Response and resilience of karst subterranean estuary communities to precipitation impactsFernando Calderón Gutiérrez, Thomas M. Iliffe, Elizabeth Borda, Germán Yáñez Mendoza, Jessica Labonté
- Nature and Landscape Conservation
- Ecology, Evolution, Behavior and Systematics
The impact of meteorological phenomena on ecosystem communities of karst subterranean estuaries (KSEs) remains unknown. KSEs are characterized by vertically stratified groundwater separated by a halocline and host endemic aquatic cave‐adapted fauna (stygobionts). In October 2015, 8 days of heavy precipitation caused the first recorded mortality event in the KSE. This event was marked by a halocline shift 5 m deeper. The present study aimed to provide insights into resilience of KSEs faunal communities to temporal shifts in temperature and precipitation. Cave water temperature decreased on average 0.0068°C per mm of accumulated precipitation over 4 days, which can add up to, and surpass, the interannual temperature variation in cases of heavy precipitations.
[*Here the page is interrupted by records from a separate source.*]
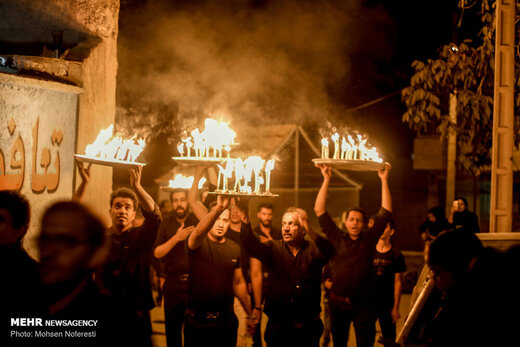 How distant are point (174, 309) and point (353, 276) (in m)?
2.12

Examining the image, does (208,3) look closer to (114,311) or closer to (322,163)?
(322,163)

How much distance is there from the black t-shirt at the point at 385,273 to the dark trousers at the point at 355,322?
216 mm

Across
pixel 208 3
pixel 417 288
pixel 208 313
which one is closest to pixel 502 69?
pixel 417 288

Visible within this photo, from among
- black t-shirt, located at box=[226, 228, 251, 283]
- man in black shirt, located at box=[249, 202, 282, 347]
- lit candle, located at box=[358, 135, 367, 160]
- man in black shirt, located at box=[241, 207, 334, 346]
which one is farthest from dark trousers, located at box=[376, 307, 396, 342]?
lit candle, located at box=[358, 135, 367, 160]

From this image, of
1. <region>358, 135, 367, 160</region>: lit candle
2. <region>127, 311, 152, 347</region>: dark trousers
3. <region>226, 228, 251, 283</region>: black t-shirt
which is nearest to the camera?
<region>127, 311, 152, 347</region>: dark trousers

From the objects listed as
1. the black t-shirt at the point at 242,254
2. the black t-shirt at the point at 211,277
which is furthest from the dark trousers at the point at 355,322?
the black t-shirt at the point at 211,277

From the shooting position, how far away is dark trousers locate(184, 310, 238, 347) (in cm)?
571

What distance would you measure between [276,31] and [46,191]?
11925 mm

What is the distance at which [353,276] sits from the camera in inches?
263

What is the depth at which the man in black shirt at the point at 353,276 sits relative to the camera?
662 cm

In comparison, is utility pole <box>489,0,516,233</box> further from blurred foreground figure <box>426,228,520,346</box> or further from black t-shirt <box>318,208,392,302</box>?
blurred foreground figure <box>426,228,520,346</box>

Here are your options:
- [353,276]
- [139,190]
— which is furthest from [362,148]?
[139,190]

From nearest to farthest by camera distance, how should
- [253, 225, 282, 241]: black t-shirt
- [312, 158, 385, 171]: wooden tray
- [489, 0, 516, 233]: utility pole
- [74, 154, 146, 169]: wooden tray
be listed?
[74, 154, 146, 169]: wooden tray
[312, 158, 385, 171]: wooden tray
[489, 0, 516, 233]: utility pole
[253, 225, 282, 241]: black t-shirt

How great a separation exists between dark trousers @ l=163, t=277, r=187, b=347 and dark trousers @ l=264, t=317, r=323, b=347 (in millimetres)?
1408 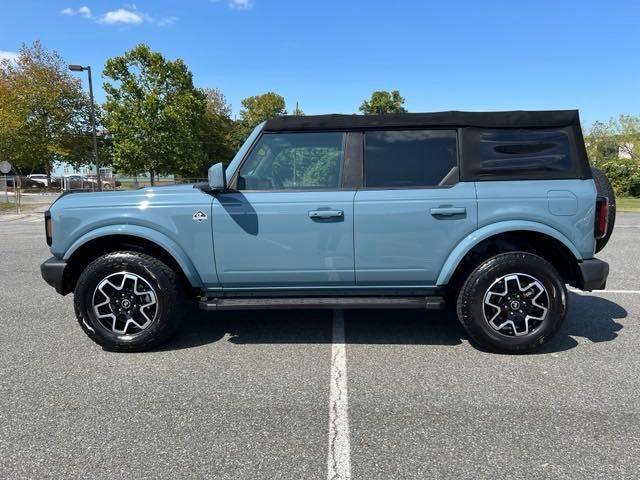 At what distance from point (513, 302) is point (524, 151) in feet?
4.08

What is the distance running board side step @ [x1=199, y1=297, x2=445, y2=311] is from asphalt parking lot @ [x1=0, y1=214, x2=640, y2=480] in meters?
0.41

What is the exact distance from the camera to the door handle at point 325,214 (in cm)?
374

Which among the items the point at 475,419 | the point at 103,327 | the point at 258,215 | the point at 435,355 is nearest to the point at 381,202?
the point at 258,215

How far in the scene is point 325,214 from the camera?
12.3ft

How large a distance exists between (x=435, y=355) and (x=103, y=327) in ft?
9.06

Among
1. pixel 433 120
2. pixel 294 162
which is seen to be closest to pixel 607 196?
pixel 433 120

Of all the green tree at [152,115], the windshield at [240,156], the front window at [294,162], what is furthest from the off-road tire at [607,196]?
the green tree at [152,115]

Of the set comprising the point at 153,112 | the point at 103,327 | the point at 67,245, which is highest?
→ the point at 153,112

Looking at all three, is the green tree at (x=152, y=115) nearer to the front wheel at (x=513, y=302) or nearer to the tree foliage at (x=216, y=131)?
the tree foliage at (x=216, y=131)

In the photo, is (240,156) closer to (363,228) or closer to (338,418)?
(363,228)

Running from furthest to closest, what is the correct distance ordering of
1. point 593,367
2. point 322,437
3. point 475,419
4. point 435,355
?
point 435,355, point 593,367, point 475,419, point 322,437

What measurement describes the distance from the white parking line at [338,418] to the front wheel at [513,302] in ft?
3.57

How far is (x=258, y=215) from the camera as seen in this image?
379 cm

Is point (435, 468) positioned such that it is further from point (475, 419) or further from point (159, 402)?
point (159, 402) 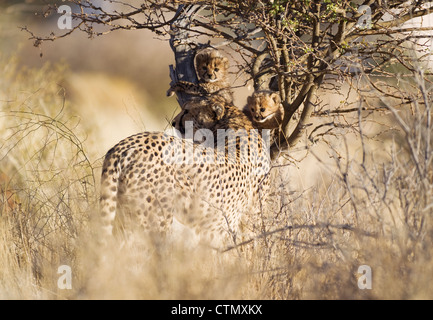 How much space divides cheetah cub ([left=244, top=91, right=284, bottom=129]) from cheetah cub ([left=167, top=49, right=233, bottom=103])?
304mm

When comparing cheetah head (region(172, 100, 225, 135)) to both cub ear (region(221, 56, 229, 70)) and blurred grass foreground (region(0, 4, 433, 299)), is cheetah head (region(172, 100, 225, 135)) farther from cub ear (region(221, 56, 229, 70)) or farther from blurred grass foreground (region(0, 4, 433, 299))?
blurred grass foreground (region(0, 4, 433, 299))

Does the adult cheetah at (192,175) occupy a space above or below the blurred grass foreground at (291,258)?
above

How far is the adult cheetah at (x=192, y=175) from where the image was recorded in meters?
3.19

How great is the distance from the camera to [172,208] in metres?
3.30

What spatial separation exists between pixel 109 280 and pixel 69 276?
52 centimetres

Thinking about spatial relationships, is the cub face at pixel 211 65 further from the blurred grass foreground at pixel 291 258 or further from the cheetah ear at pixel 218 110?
the blurred grass foreground at pixel 291 258

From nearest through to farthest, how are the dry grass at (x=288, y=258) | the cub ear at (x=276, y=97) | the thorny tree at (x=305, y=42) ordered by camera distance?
the dry grass at (x=288, y=258) → the thorny tree at (x=305, y=42) → the cub ear at (x=276, y=97)

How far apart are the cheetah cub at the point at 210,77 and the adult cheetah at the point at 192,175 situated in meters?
0.14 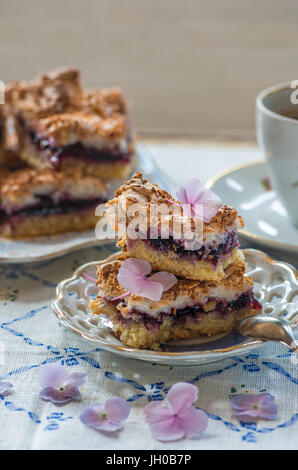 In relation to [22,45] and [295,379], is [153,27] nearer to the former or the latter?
[22,45]

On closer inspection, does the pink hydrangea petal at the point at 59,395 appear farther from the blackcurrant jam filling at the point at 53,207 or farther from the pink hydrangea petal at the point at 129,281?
the blackcurrant jam filling at the point at 53,207

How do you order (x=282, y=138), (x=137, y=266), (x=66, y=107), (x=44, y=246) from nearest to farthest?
(x=137, y=266)
(x=282, y=138)
(x=44, y=246)
(x=66, y=107)

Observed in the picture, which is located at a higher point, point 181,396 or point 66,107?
point 66,107

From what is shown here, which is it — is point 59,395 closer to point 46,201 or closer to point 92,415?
point 92,415

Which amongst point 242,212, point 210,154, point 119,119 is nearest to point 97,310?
point 242,212

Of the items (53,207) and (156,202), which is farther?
(53,207)

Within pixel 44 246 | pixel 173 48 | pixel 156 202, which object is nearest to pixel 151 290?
pixel 156 202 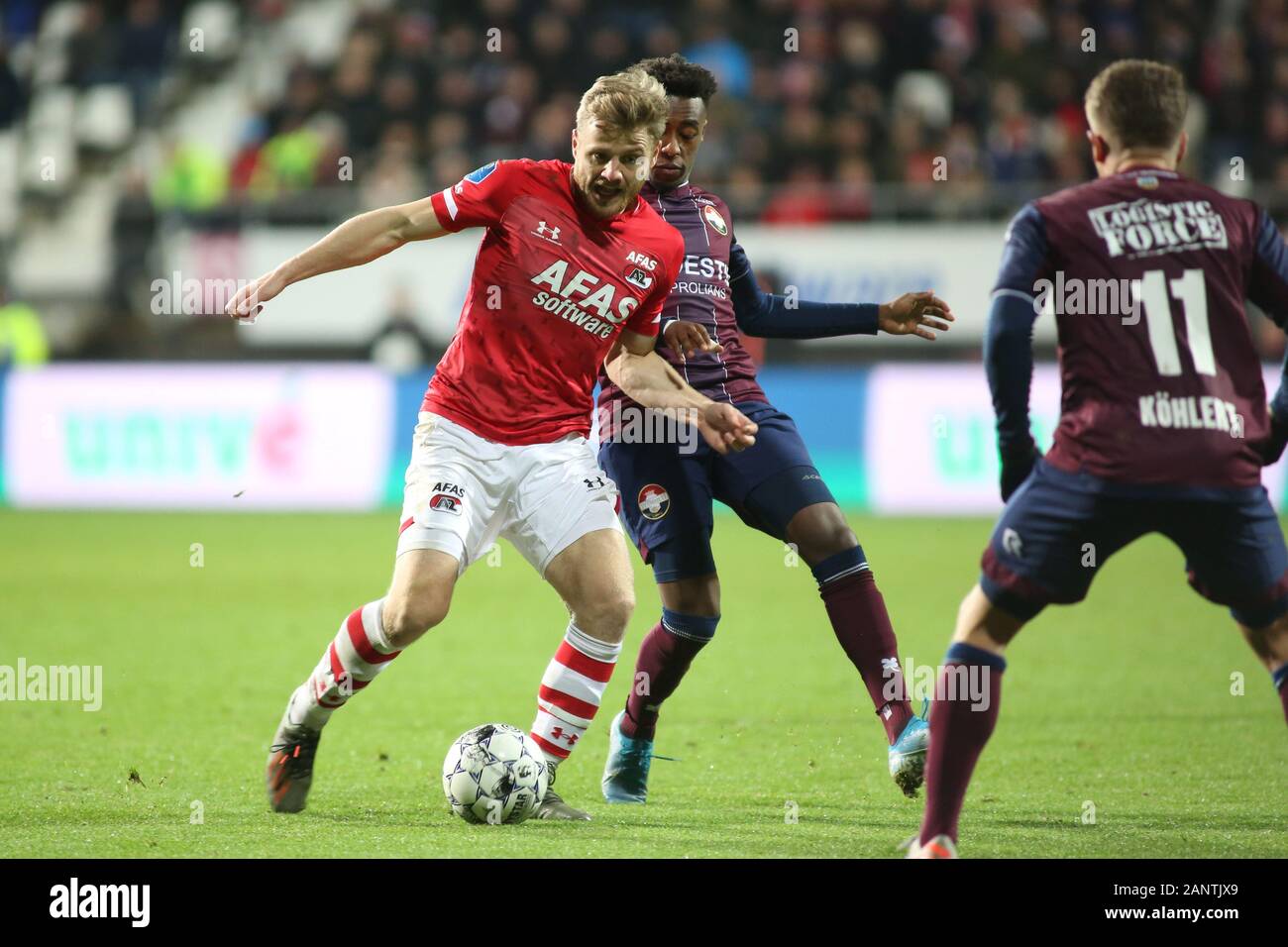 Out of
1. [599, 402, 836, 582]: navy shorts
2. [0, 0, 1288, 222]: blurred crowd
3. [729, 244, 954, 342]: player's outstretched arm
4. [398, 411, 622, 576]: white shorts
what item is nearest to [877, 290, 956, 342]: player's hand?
[729, 244, 954, 342]: player's outstretched arm

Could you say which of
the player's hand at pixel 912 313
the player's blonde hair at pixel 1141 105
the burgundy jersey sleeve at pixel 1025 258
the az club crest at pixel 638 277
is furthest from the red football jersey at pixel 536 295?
the player's blonde hair at pixel 1141 105

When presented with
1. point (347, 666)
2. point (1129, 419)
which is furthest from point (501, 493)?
point (1129, 419)

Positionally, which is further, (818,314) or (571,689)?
(818,314)

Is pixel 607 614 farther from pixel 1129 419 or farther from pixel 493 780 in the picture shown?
pixel 1129 419

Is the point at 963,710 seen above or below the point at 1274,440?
below

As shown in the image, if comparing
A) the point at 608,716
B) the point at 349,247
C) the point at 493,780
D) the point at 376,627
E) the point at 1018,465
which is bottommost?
the point at 608,716

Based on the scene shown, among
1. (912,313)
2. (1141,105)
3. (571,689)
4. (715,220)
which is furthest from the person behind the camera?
(715,220)

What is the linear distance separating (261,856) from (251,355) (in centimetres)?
1362

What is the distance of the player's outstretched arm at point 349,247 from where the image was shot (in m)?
5.15

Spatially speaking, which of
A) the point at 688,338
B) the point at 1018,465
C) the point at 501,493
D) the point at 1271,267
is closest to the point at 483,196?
the point at 688,338

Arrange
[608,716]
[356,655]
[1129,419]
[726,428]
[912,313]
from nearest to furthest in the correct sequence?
[1129,419] → [726,428] → [356,655] → [912,313] → [608,716]

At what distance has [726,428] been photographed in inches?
202

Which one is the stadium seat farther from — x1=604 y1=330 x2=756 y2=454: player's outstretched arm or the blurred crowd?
x1=604 y1=330 x2=756 y2=454: player's outstretched arm

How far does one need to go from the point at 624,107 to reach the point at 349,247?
96 centimetres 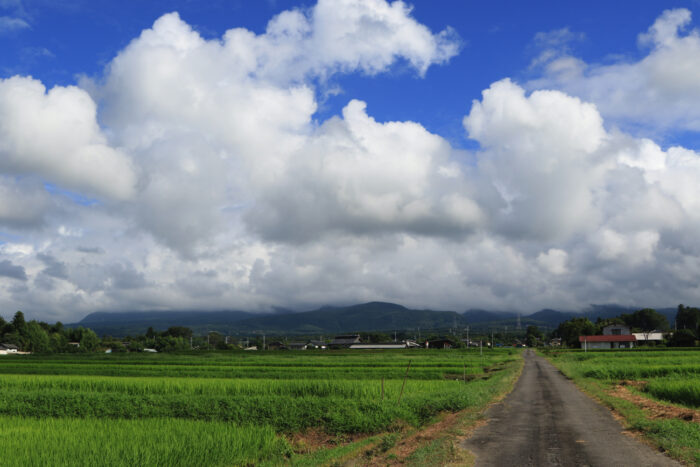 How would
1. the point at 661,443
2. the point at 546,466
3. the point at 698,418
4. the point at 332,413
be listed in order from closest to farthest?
the point at 546,466
the point at 661,443
the point at 698,418
the point at 332,413

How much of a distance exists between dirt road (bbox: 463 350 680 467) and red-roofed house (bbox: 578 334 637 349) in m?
126

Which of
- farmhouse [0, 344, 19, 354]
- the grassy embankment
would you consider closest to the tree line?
farmhouse [0, 344, 19, 354]

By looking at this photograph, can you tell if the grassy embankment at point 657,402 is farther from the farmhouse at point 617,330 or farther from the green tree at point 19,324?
the green tree at point 19,324

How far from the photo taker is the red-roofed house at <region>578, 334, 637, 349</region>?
134875mm

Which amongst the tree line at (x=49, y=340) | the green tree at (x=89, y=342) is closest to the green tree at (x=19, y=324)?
the tree line at (x=49, y=340)

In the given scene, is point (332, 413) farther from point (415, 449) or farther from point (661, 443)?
point (661, 443)

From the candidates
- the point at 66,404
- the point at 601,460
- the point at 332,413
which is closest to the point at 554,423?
the point at 601,460

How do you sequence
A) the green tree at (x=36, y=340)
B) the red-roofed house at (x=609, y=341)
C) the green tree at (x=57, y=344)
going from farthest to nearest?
the green tree at (x=57, y=344) < the green tree at (x=36, y=340) < the red-roofed house at (x=609, y=341)

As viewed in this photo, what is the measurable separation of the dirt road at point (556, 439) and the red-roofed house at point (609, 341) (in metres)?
126

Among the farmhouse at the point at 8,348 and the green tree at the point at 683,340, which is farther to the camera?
the farmhouse at the point at 8,348

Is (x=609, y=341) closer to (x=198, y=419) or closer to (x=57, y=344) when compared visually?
(x=198, y=419)

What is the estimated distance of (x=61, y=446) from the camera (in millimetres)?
15750

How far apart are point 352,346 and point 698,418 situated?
179 m

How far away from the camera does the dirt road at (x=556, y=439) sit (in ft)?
42.8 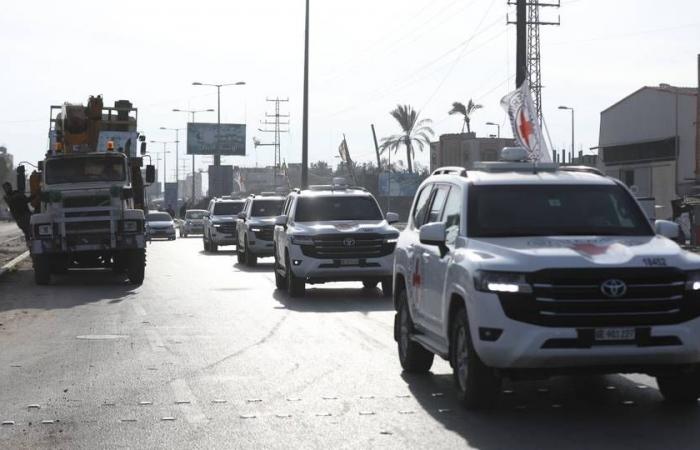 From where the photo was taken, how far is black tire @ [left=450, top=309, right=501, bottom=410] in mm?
8938

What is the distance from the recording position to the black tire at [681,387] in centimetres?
919

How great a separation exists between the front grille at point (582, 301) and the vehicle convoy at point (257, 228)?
76.7 ft

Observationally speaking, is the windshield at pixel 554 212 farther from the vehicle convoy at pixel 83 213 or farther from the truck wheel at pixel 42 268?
the truck wheel at pixel 42 268

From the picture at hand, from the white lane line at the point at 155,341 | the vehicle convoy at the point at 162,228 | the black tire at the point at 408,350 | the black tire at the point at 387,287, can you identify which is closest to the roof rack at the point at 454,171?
the black tire at the point at 408,350

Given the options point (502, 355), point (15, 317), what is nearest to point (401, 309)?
point (502, 355)

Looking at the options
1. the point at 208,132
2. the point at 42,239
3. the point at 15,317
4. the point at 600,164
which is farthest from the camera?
the point at 208,132

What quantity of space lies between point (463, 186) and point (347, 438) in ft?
9.47

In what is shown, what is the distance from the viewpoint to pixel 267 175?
197250 mm

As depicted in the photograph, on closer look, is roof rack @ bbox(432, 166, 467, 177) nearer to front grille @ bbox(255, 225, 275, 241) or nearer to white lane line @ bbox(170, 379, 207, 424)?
white lane line @ bbox(170, 379, 207, 424)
Biological surveys (2012–2021) conducted within cave systems El Aerolito and La Quebrada, in Cozumel, indicated that change in community structure was not detected and stygobionts were resilient; however, marine species inhabiting the caves were impacted. Overall, the faunal community at KSEs remains resilient within short‐term meteorological phenomena despite shifts of non‐stygobionts.